Indeed, on the wiki page, I mentionned my blog URL was http://www.apassant.net/blog/. Yet, this page is now redirected to http://apassant.net/blog using Apache RedirectMatch.
So, when using HTTP_Request to get the content of the page, it doesn't return the expected body, but this page:
<!DOCTYPE HTML PUBLIC "-//IETF//DTD HTML 2.0//EN"> <html><head> <title>302 Found</title> </head><body> <h1>Found</h1> <p>The document has moved <a href="http://apassant.net/blog/">here</a>.</p> </body></html>
in which that's difficult to find any reference to a SIOC link ...
But HTTP_Request provides a getResponseCode() method - will return 302 in this case - and a getResponseHeader() method, that will give the following informations:
Array ( [date] => Fri, 04 Aug 2006 11:10:33 GMT [server] => Apache/2.0.55 (Debian) mod_python/3.2.8 Python/2.4.4c0 PHP/5.1.4-0.1 [location] => http://apassant.net/blog/ [content-length] => 209 [connection] => close [content-type] => text/html; charset=iso-8859-1 [x-pad] => avoid browser bug )
So, using it, I can get the new location of the page. Yet, there are use cases where the location contains a relative URL (see http://www.openlinksw.com/blog/~kidehen).

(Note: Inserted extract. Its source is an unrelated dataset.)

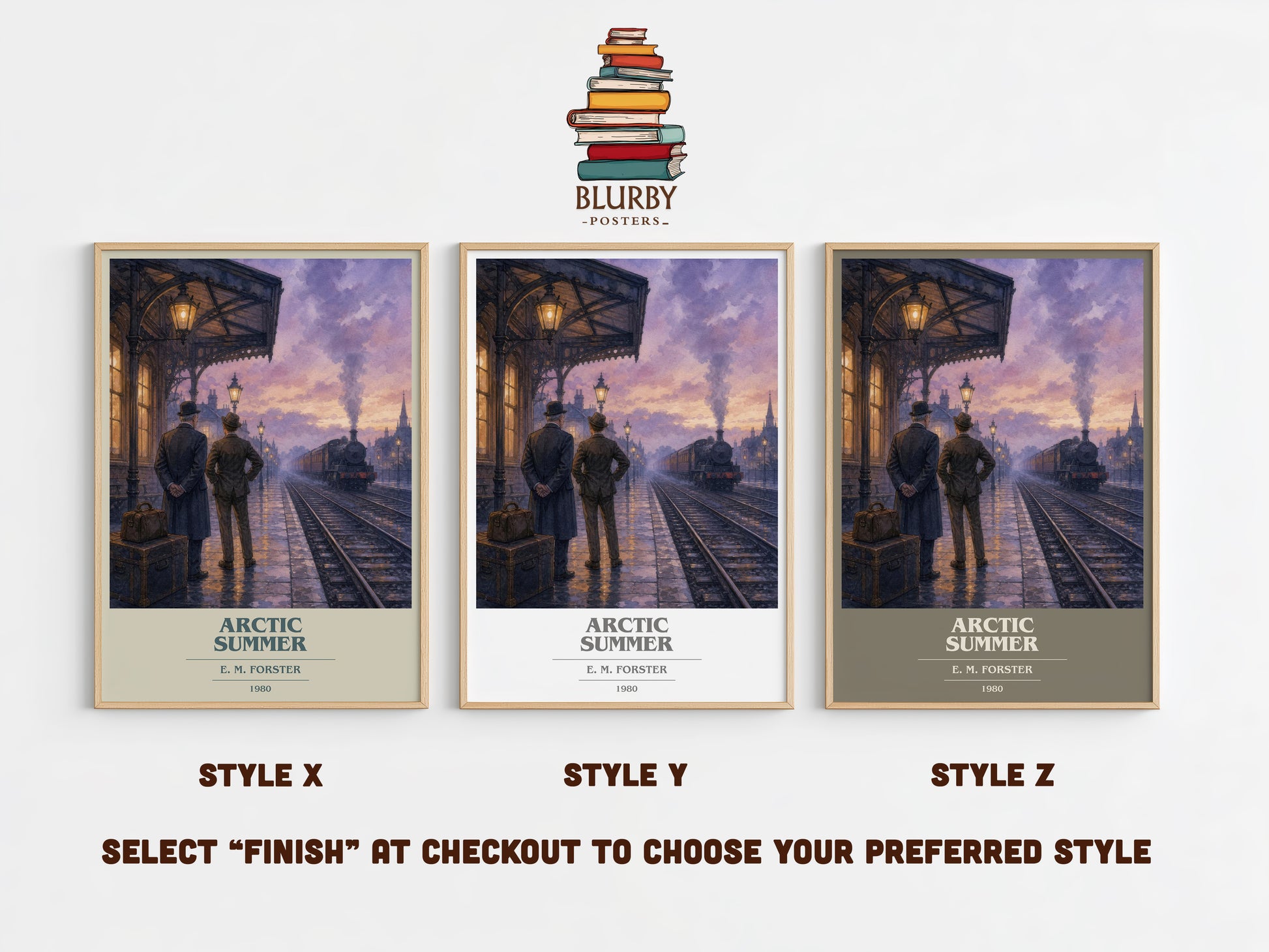 Arctic Summer book cover print in frame leaning in hallway – literary fiction wall art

So, finally, here's the code I now use to get URL content, whatever they've moved or not:
function url_get_content($url, $visited=array()) { if(in_array($url, $visited)) { return "Error: infinite redirection"; } else { $visited[] = $url; } $req =& new HTTP_Request($url); if (!PEAR::isError($req->sendRequest())) { if(in_array($req->getResponseCode(), array('301', '302', '303'))) { $headers = $req->getResponseHeader(); $location = $headers['location']; if(array_key_exists('scheme', parse_url($location))) { return url_get_content($location, $visited); } else { $parsed = parse_url($url); $scheme = $parsed['scheme']; $host = $parsed['host']; return ($port = $parsed['port']) ? url_get_content("$scheme://$host$location", $visited) : url_get_content("$scheme:$port//$host$location", $visited); } } return $req->getResponseBody(); } else { return "Error: " . $req->getResponseCode(); } }I've fixed it in the script, that now returns an complete RDF file with SIOC data URLs for each blog that used an auto-discovery link.
Edit 09/08/2006 @ 13:30: Fixed a bug about infinite loops, see Richard comment about this point.